There is not another country in the world with that much gun violence on their streets. In the United States, there are 88 guns for every 100 people. That means we already have a privately owned gun for almost every man, woman and child in the country. Only the Arabian Peninsula nation of Yemen comes anywhere close to that kind of civilian firepower, with a ratio of 54 guns to every 100 Yemeni. So does democracy work or doesn't it? Clearly, "the land of the free and the home of the brave" is fast threatening to become the land of the gun and the home of the dead.
But oh, we cling to them. We shout treason, in fact, in the face of anyone who questions their numbers, their types, their easy availability. "It's un-American," we argue, to dare to challenge even the sale of them, let alone their use. On few other subjects does the pitch of the public discourse reach such frenzy. Politicians shout and pound desks; otherwise mild men turn blue in the face at the thought of even allowing a public discussion of the issue.
You've heard all the arguments against gun control, I know: "Guns don't kill people," the posters say, "people do." As if anybody is arguing that guns, as in "Toy Story 3," just get up at midnight and shoot people.
Or better yet, these days the argument goes: "If everybody else in the theater in Aurora, Colo., had a gun, so many other people would not have been shot" -- all notion of body armor and strategic weaponry notwithstanding.

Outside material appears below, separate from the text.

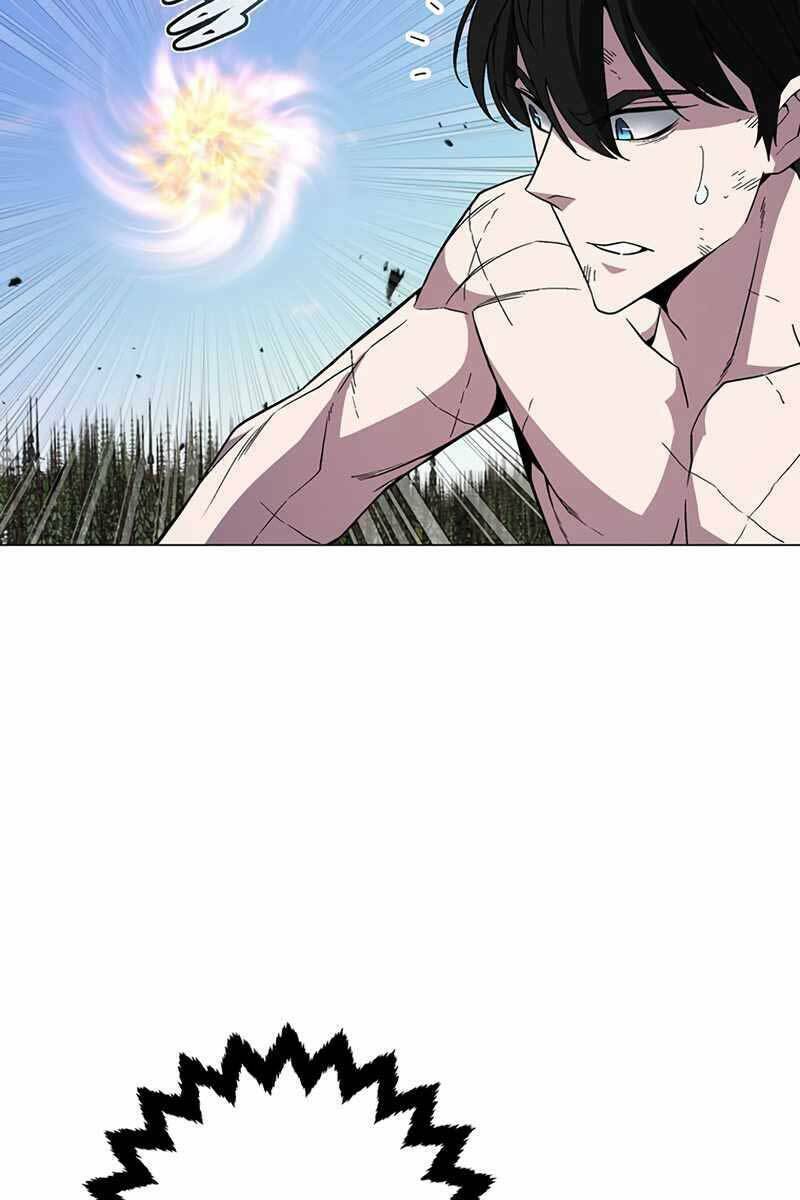 Thiên Ma Quân Sư: Chapter 75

Or, as a young man told me yesterday, the purpose of the Second Amendment is to protect the First Amendment. As if that is all that assures the continued functioning of the First Amendment in this country.
Or, this is a free country -- and, apparently, the reduction of violence is an impediment to that.

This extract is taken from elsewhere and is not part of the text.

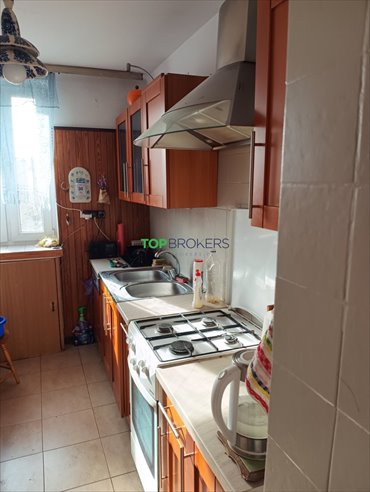 mieszkanie na sprzedaż 71m2 mieszkanie Warszawa, Ochota Szczęśliwice, Władysława Korotyńskiego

Or it's unfair to hunters to control gun sales. As if 6,000 rounds of ammunition is necessary during deer season.
Or, a new one: If we take away the right to bear arms, "the government will lead us where we don't want to go, and there won't be a thing we can do about it." As if voting or going to court or passing new laws or protesting peacefully doesn't work, despite the fact that it did during the labor and the suffragette and the civil rights movements. Massive and unrelenting gun wars on the streets have never solved America's problems before. Why would we set ourselves up to do it now?
More to the point, perhaps: If we pass gun-control laws, the National Rifle Association will not be able to buy so much influence in Washington. The NRA will not be contributing so much money to congressional election campaigns. Representatives and senators will not get the big campaign chests that assure their re-election and so guarantee that the country will never get gun-control laws.
Indeed, under all those social tensions, two questions beg to be considered. First: Is federal control of public behavior ever possible in a free country? And second: If so, what kind of controls, if any, can possibly be acceptable?
Well, think about it: The government regulates drugs, even drugs that are critical to a citizen's self-preservation.
We don't think twice about the necessity to regulate driving speeds even of cars capable of speeds of over 100 mph on highways that are surely capable of holding them.
We regulate alcohol and restrict its public use in order to assure the greatest degree of safety for all.
We regulate food sources, animal care, food products and food processing in the interest of the public good.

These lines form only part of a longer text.